Russian-backed Syrian forces captured a strategic town in Idlib, leaving a third Turkish military outpost besieged along the province’s perimeter and increasing tensions in the area.
The taking of Saraqib late Thursday came a day after Turkey’s President Recep Tayyip Erdogan told Syria to end its siege of two other Turkish military outposts in northwestern Idlib and threatened to break it himself. The town lies just 16 kilometers (10 miles) from Idlib’s center, and its fall gives Syrian forces control of a key juncture where highways linking the provinces of Aleppo, Idlib and Latakia intersect.
Relations between Ankara and Moscow have been strained since Syrian troops killed seven Turkish soldiers and a civilian on Monday in Idlib. Syria’s government is using Russian air support to try to vanquish onetime al-Qaeda affiliates and Turkey-backed rebels in the province.
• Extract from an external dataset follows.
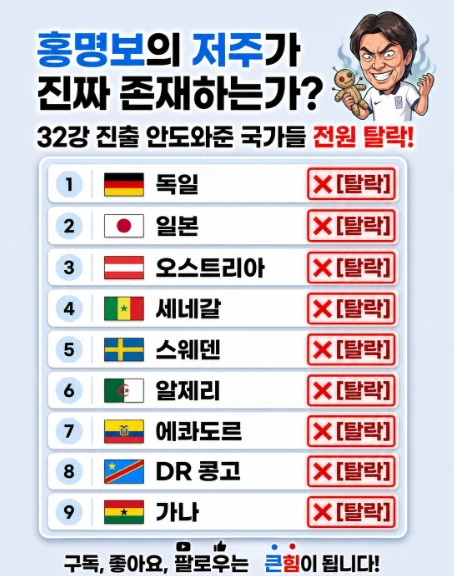 홍명보 의  저주?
“The Syrian regime should know well that we won’t leave any threat to our soldiers without a response,” Ibrahim Kalin, a spokesman for Erdogan, said before the town’s capture Thursday, ruling out the withdrawal of troops from 12 Turkish military outposts around Idlib.
“From now on, any mistake by the regime under the pretext of struggling against terrorism and terrorist groups will have grave consequences,” he said.
Kalin also opposed changing locations of Turkish outposts, saying that would violate the Sochi and Astana accords struck by Turkey, Russia and Iran to curtail fighting in northern Syria.